Hıristiyan Tony’nin Filistinli Yasser’e öfkesi bebeğin hayatını tehlikeye atar.
Kökü derinde
Lübnanlı yönetmen Zaid Doueiri de filminde, kökü bu derin anlaşmazlıklardan kaynaklanan, ama basit bir ‘hakaret ve özür’ istemiymiş gibi gözüken olaydan hareketle, aslında büyük kavgaların ve hatta savaşların bile nasıl da çatışma ortamından, düşmanlaştırılmış toplumsal grupların arasındaki gerginlikten geldiğini anlatıyor.

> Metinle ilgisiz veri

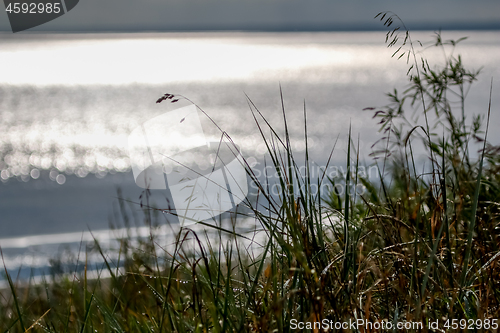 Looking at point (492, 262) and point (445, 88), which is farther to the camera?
point (445, 88)

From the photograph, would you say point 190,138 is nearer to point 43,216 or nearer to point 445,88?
point 43,216

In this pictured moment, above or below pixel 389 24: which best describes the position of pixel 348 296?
below

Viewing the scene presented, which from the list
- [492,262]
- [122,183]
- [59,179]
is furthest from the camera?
[59,179]

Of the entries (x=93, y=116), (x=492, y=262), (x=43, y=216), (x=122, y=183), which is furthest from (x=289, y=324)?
(x=93, y=116)

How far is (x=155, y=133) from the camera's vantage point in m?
13.3

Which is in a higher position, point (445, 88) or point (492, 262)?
point (445, 88)

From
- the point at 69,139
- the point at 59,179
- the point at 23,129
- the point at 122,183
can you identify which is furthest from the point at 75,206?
the point at 23,129

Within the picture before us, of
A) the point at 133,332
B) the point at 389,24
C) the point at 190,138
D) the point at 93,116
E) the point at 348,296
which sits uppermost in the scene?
the point at 93,116

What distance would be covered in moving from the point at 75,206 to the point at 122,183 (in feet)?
3.81

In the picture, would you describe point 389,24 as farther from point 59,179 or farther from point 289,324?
point 59,179

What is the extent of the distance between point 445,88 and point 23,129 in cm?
1344

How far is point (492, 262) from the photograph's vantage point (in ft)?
4.87

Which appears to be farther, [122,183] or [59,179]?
[59,179]

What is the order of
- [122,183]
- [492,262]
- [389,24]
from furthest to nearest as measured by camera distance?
[122,183]
[389,24]
[492,262] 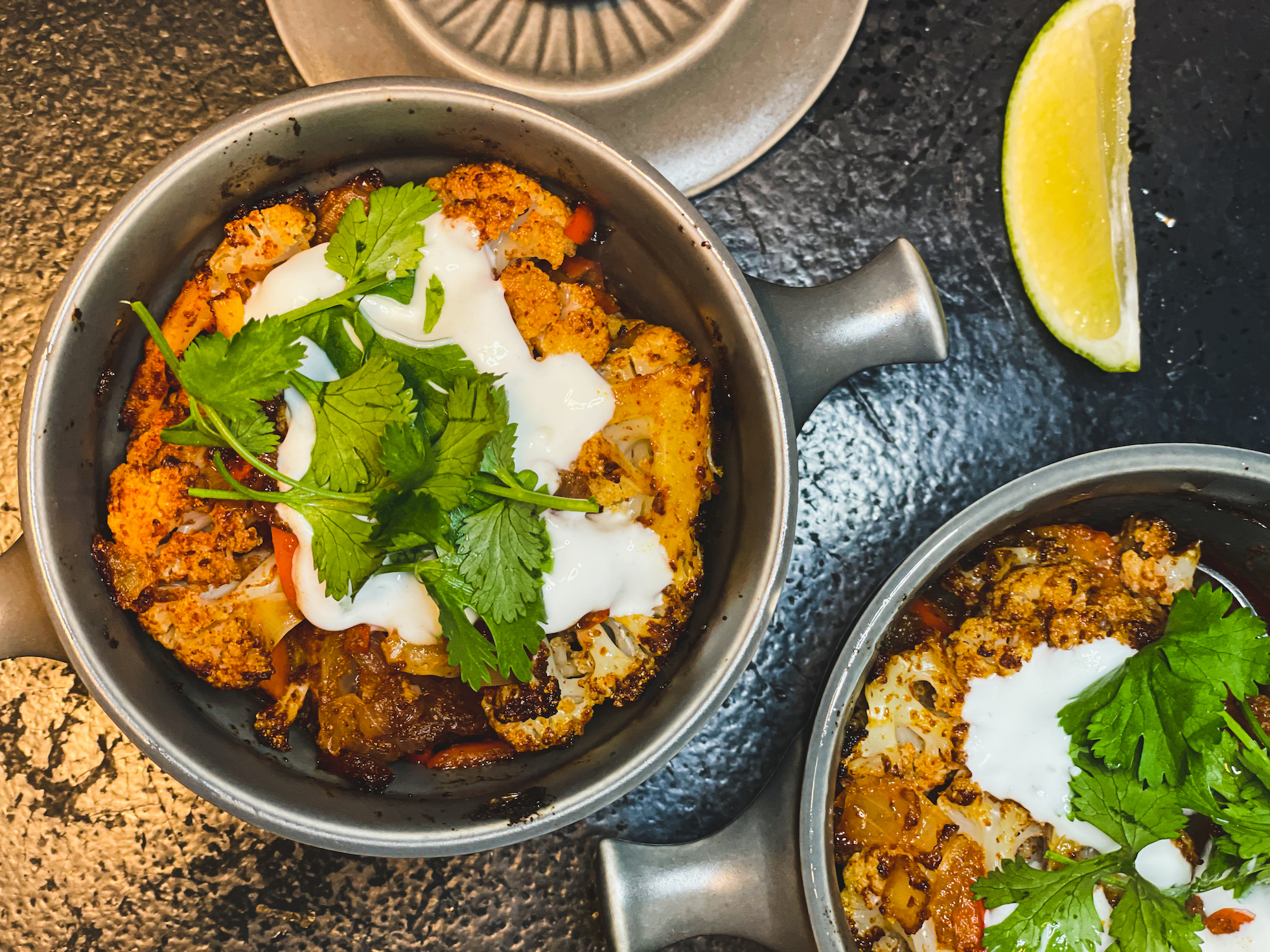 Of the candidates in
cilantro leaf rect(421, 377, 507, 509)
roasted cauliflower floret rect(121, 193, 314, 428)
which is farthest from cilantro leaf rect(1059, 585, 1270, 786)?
roasted cauliflower floret rect(121, 193, 314, 428)

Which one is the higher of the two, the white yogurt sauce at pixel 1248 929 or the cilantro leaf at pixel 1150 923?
the cilantro leaf at pixel 1150 923

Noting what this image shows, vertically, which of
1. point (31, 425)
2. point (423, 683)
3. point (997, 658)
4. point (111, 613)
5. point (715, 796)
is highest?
point (31, 425)

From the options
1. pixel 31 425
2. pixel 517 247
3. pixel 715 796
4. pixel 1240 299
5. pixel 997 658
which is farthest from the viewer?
pixel 1240 299

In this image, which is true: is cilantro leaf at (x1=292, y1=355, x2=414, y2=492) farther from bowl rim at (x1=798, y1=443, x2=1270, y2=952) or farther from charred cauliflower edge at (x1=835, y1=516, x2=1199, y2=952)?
charred cauliflower edge at (x1=835, y1=516, x2=1199, y2=952)

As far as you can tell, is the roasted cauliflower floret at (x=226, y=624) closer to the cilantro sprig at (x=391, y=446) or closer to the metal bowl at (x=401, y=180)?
the metal bowl at (x=401, y=180)

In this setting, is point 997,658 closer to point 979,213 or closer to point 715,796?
point 715,796

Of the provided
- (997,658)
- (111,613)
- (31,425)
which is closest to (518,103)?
(31,425)

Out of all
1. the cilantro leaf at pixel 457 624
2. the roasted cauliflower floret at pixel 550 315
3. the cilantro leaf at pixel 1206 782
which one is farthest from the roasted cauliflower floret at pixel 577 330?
the cilantro leaf at pixel 1206 782

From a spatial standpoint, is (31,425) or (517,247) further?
(517,247) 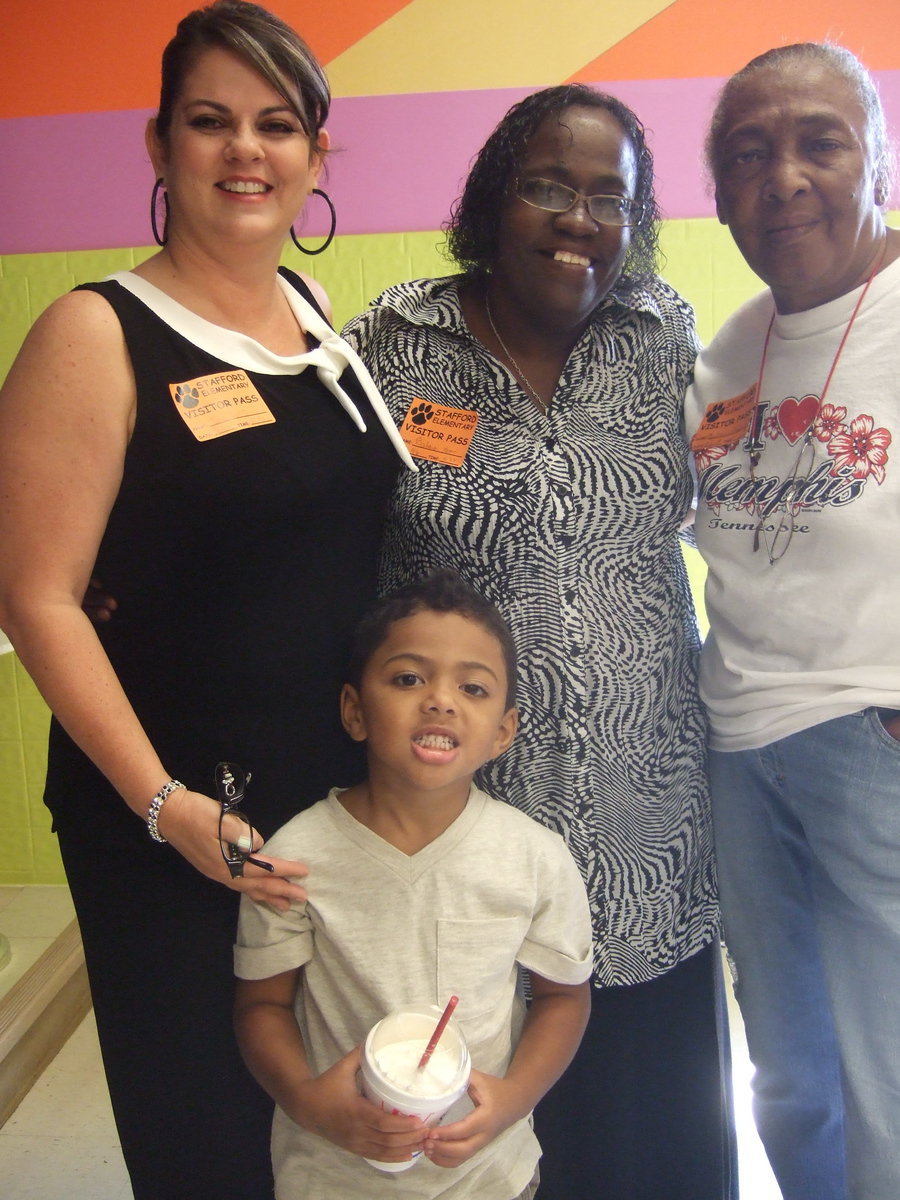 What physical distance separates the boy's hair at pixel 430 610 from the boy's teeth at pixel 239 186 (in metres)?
0.59

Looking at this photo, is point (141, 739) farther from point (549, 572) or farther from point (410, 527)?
point (549, 572)

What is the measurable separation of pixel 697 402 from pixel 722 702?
19.1 inches

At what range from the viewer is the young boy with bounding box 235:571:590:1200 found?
132cm

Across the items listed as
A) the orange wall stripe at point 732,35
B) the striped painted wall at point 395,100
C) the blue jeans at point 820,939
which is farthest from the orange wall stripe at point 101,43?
the blue jeans at point 820,939

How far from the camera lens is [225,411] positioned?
1313 millimetres

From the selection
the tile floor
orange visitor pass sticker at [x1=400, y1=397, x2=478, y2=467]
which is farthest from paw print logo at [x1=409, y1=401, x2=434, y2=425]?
the tile floor

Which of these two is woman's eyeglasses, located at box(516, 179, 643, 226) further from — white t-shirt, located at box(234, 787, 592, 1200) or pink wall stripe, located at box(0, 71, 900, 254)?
pink wall stripe, located at box(0, 71, 900, 254)

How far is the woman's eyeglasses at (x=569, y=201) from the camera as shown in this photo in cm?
155

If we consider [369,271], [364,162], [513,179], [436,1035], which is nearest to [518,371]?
[513,179]

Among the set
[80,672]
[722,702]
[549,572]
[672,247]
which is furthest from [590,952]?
[672,247]

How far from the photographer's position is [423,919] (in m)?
1.34

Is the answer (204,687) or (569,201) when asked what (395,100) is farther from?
(204,687)

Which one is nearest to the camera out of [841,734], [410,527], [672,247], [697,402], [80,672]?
[80,672]

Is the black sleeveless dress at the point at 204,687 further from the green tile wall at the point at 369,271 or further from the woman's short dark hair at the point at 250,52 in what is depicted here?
the green tile wall at the point at 369,271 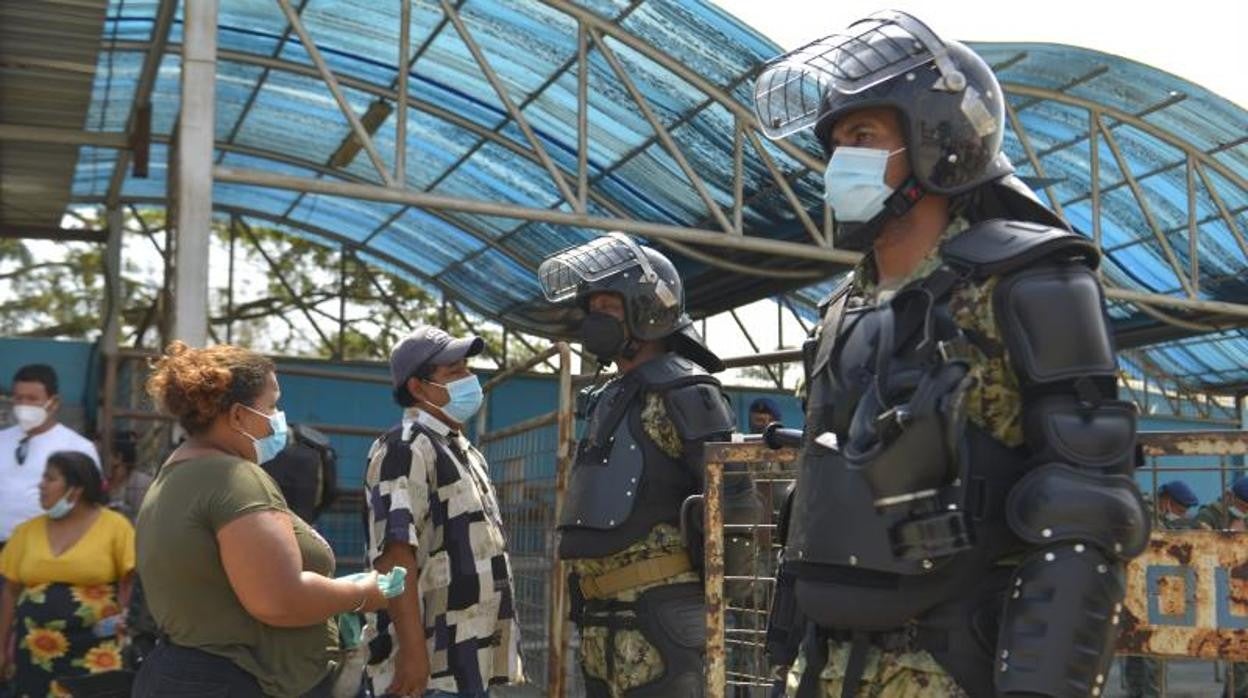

Tony (Adel Karam), Beyrut’ta yıkık dökük bir evde hamile eşiyle yaşayan Hıristiyan Arap bir oto tamircisidir. Filistinli Yasser (Kamel El Basha) ise o mahalledeki alt yapı çalışmalarını yürüten şirkette aslında mühendis olmasına rağmen, Filistinli olduğu için ustabaşı konumunda çalışmaktadır. Tony balkonunu yıkarken aşağıdaki işçileri ıslatır.
Bundan ötürü özür de dilemez ve balkonun su giderini onarmak isteyen ustalara izin vermediği gibi onların yaptıklarını da bozar. İtiş kakış sonrası mahkemelik olurlar.
Savaş nedeni
Filmde milliyetçiliğin, toplumun bölünüp kışkırtılmasının ve özellikle üstü örtülüp adaletin sağlanmadığı şiddet ve olayların nasıl tortu bırakıp yıllar sonra zehir olarak çıktığı da ustaca vurgulanıyor.
Filmde kendi ülkemizi düşünmekten de duramadım. Giderek, bırakın mezhep farklarını, farklı yaşam biçimlerine bile tahammülsüzlüğün ve müdahalenin başladığı, toplumu dönüştürmek için her türlü siyaset mühendisliğinin yapıldığı bir ortam nasıl sonuçlar verecek?
Sinema, bu tehlikeleri düşünmemizi sağlıyor, geçmişi ve geleceği, görsel olarak önümüze koyuyor!